Pull out every line in the data that has the string "Adrien" in it.

> Web page caption snippets:
▬▬▬
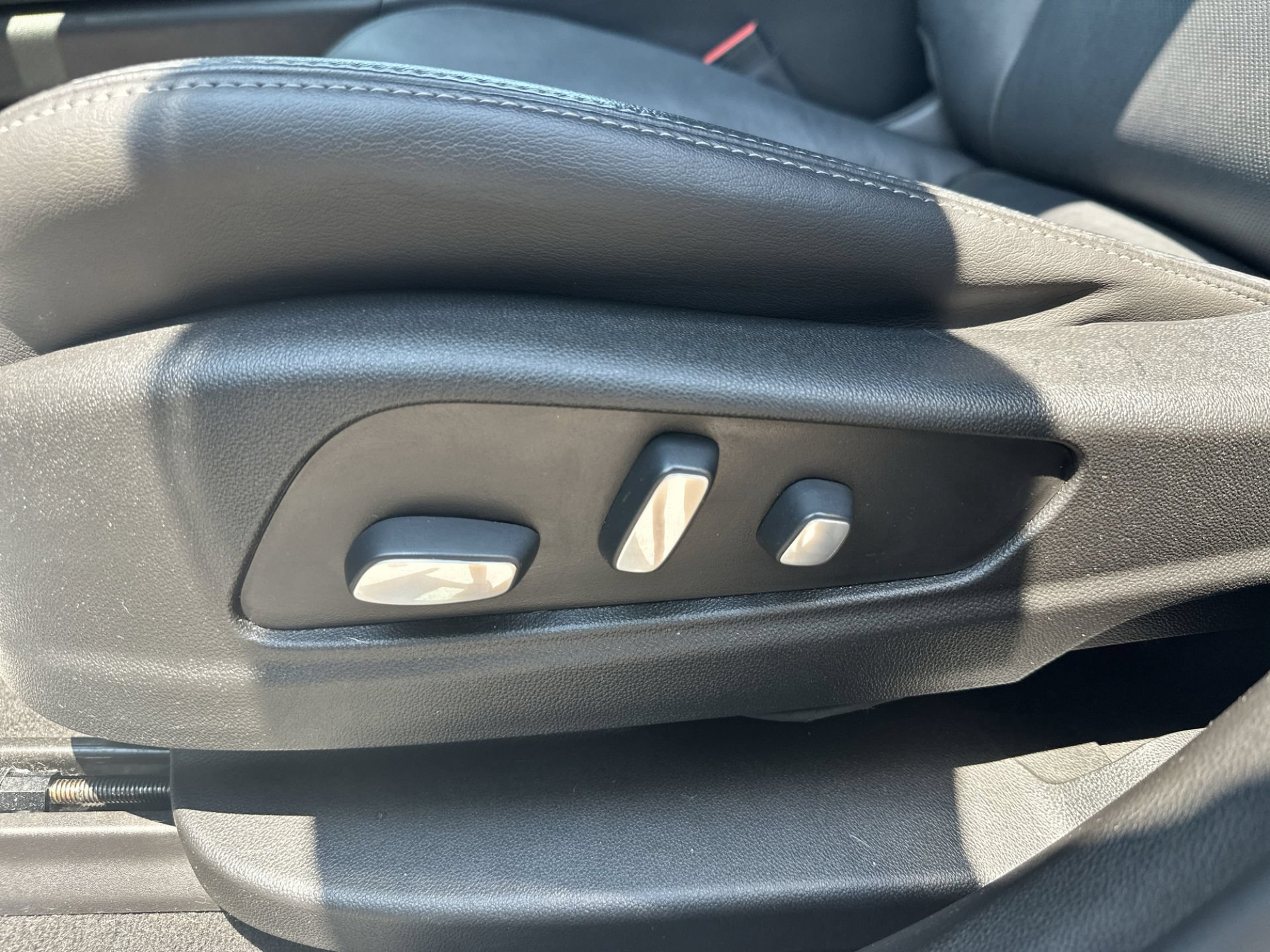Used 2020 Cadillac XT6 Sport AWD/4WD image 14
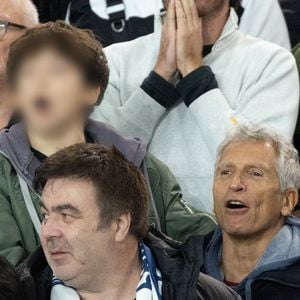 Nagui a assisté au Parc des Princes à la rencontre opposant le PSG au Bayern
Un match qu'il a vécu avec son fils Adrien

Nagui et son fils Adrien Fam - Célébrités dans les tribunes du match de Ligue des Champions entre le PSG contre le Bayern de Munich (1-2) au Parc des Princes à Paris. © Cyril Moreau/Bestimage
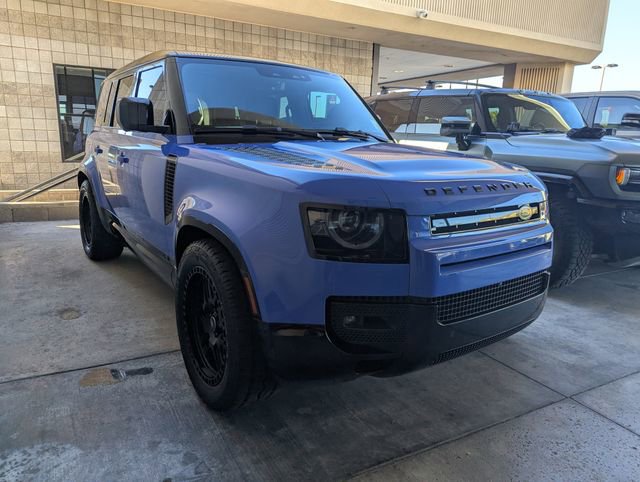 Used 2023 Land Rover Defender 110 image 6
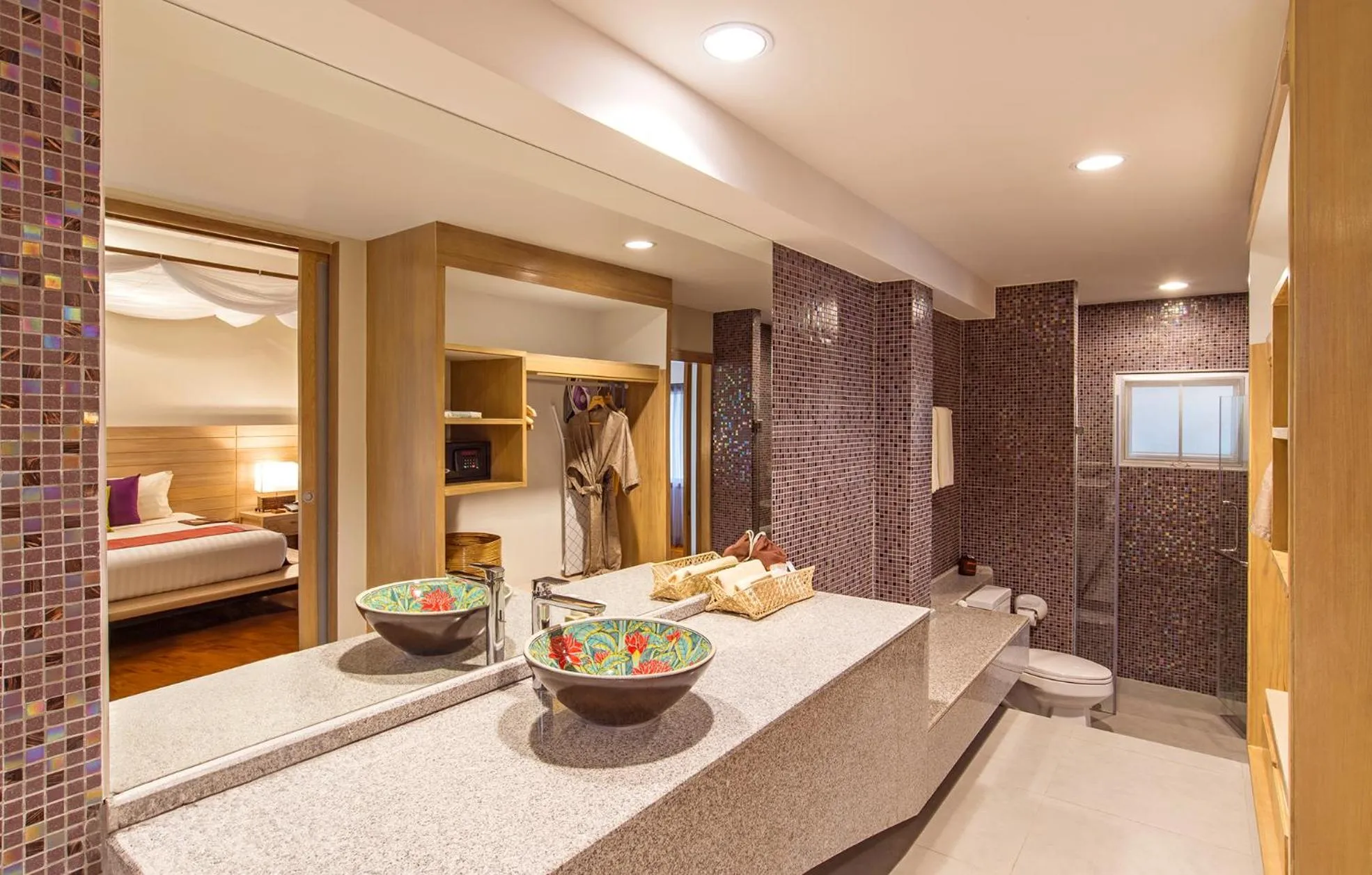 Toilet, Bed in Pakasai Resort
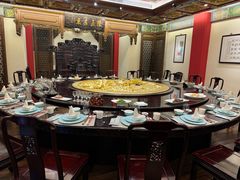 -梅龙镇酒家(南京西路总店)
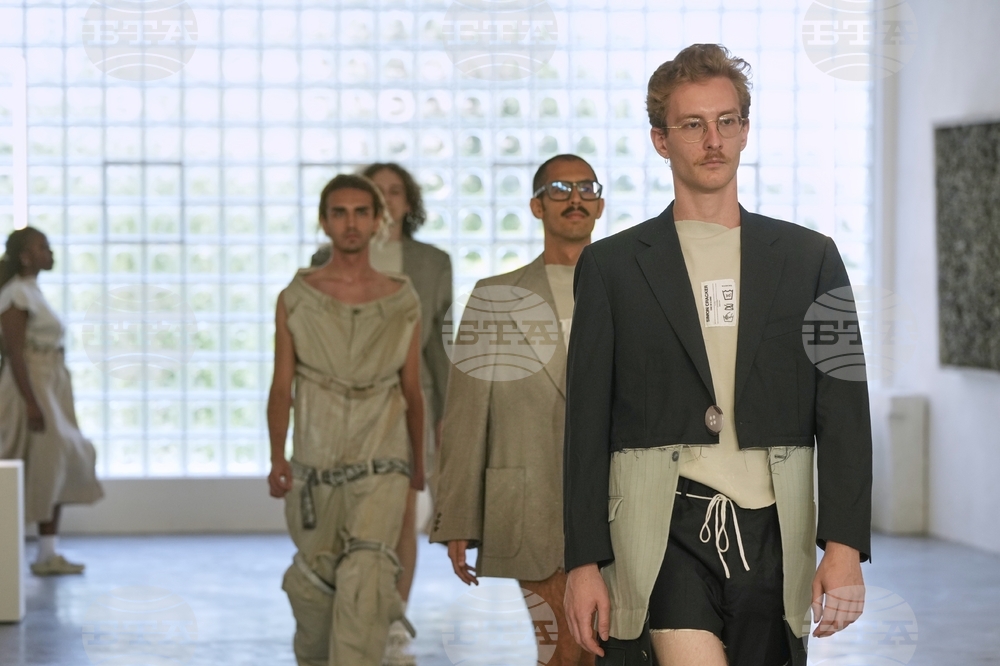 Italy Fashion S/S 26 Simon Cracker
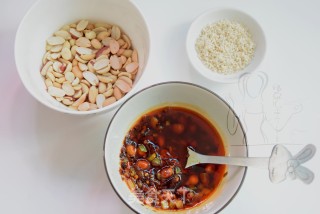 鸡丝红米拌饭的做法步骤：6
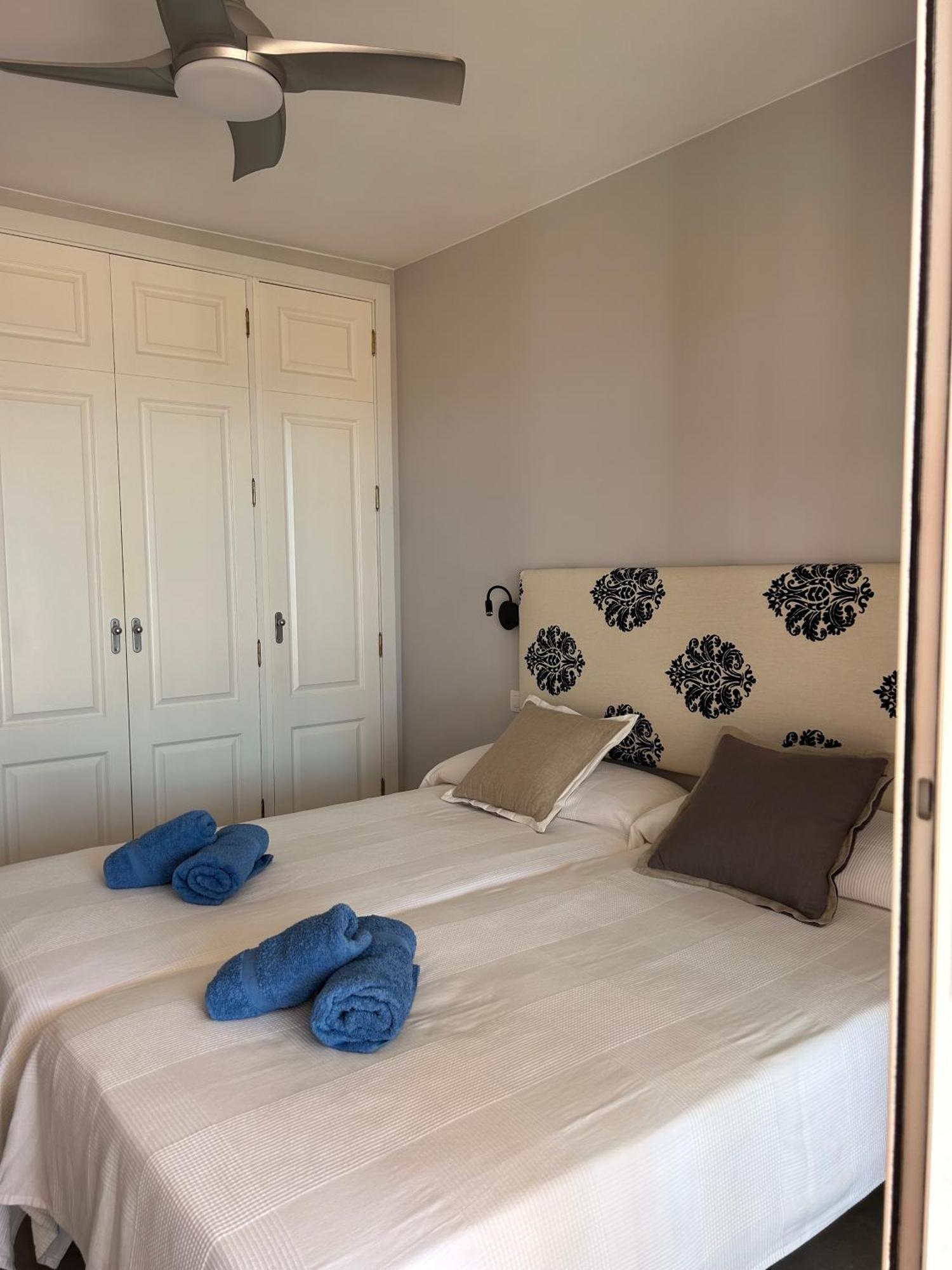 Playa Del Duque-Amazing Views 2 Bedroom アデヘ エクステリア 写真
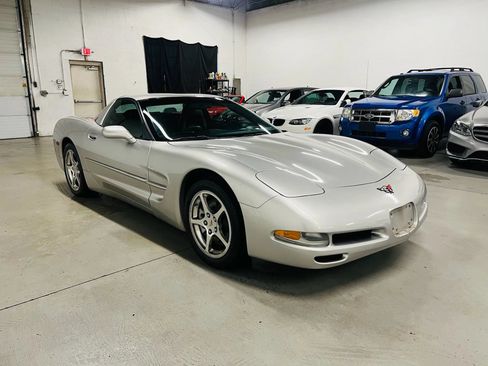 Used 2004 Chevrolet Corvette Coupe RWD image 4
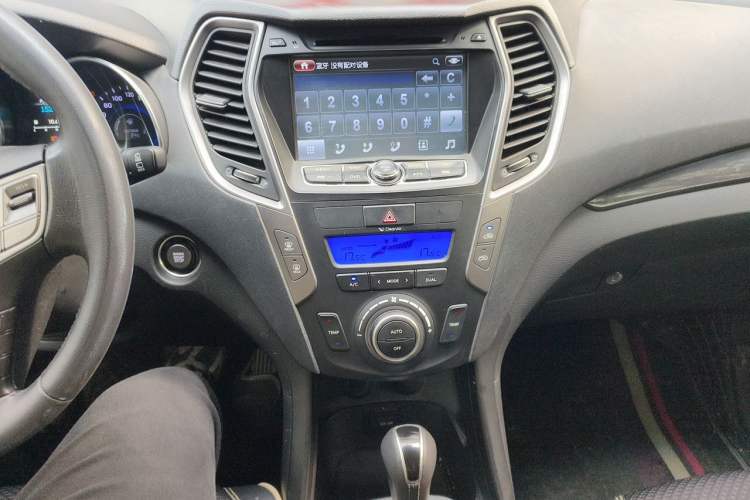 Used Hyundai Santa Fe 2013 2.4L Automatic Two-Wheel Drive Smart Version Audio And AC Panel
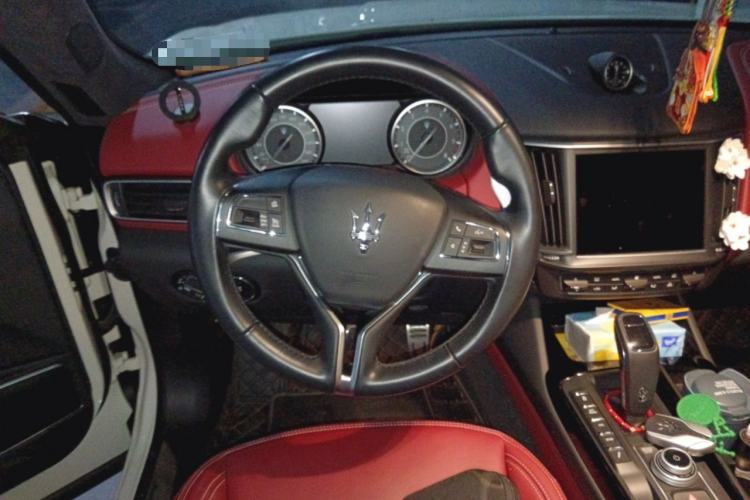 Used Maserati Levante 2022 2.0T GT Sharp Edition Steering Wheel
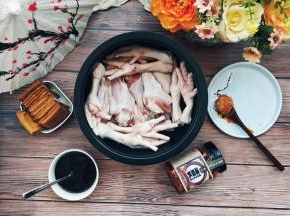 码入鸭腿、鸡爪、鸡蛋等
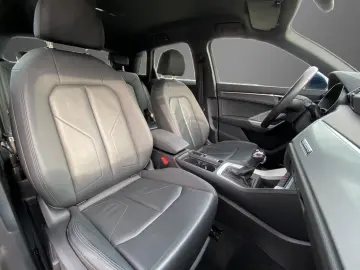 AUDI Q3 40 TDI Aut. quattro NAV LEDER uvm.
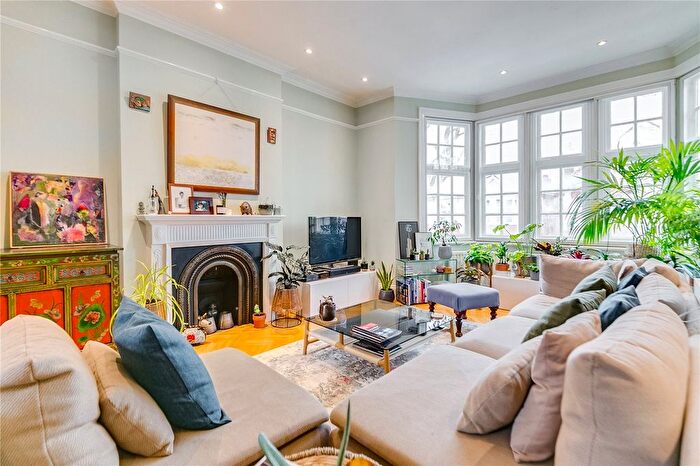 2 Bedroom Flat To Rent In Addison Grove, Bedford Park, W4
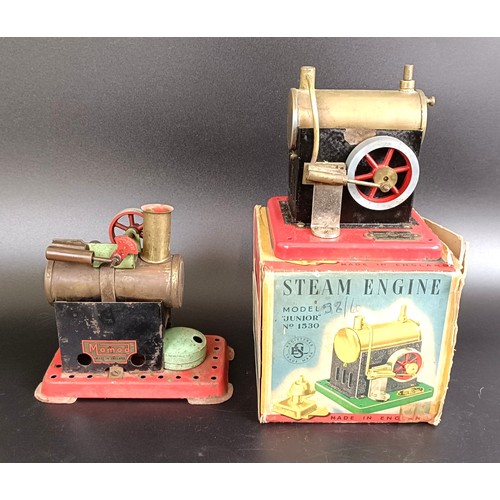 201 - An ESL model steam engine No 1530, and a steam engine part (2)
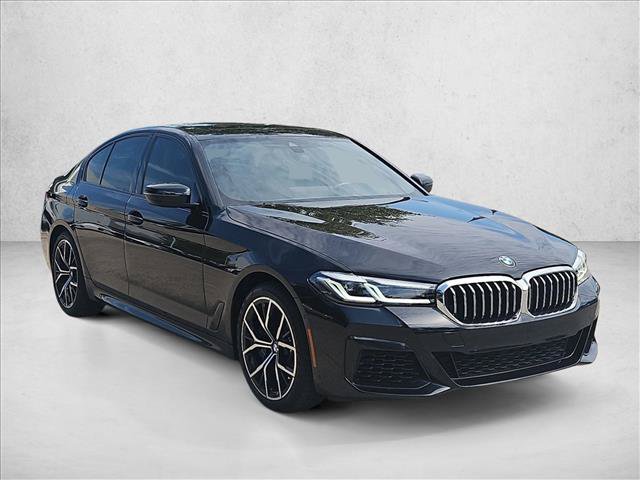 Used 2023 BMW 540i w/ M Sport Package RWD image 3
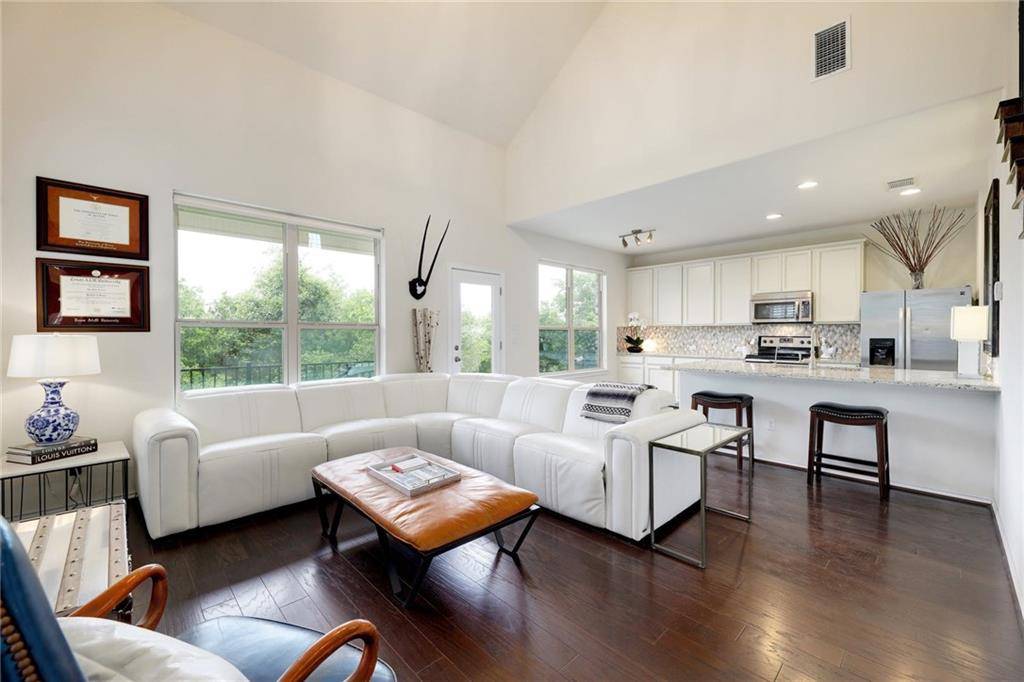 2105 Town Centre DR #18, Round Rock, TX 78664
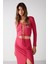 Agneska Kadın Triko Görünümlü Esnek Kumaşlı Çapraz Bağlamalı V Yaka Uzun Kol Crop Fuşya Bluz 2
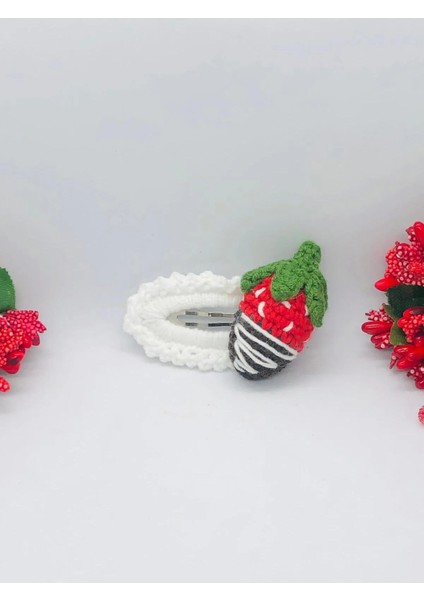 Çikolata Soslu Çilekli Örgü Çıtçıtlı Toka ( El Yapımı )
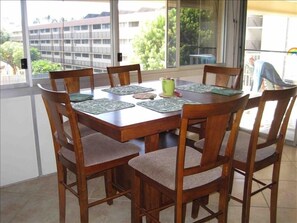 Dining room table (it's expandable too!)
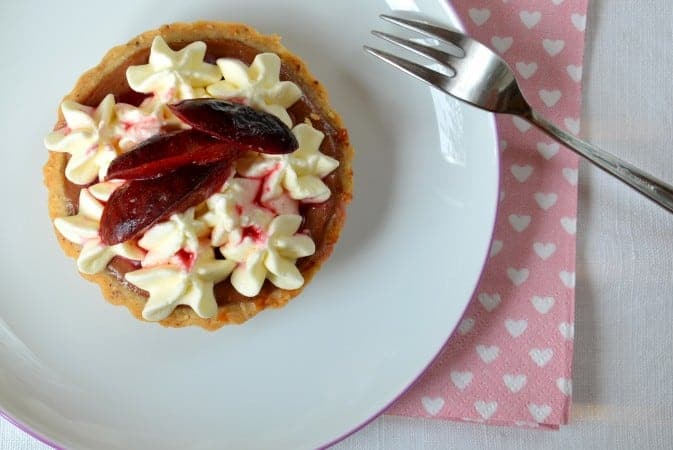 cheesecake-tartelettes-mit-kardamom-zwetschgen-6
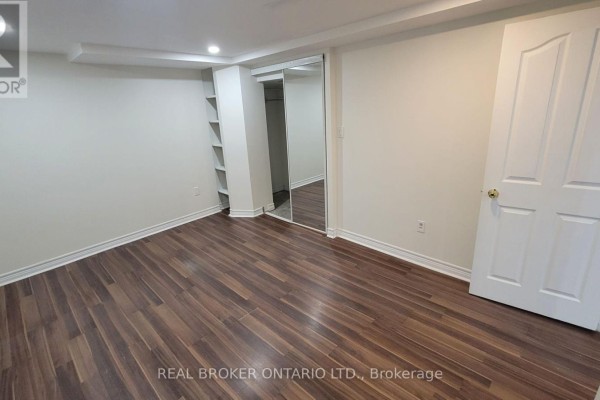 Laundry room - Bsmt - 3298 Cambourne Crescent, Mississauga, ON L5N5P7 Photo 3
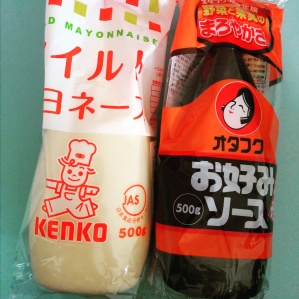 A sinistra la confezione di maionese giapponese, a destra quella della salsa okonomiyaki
▬▬▬
> Solved exercise:
Un match qu'il a vécu avec son fils Adrien
Nagui et son fils Adrien Fam - Célébrités dans les tribunes du match de Ligue des Champions entre le PSG contre le Bayern de Munich (1-2) au Parc des Princes à Paris. © Cyril Moreau/Bestimage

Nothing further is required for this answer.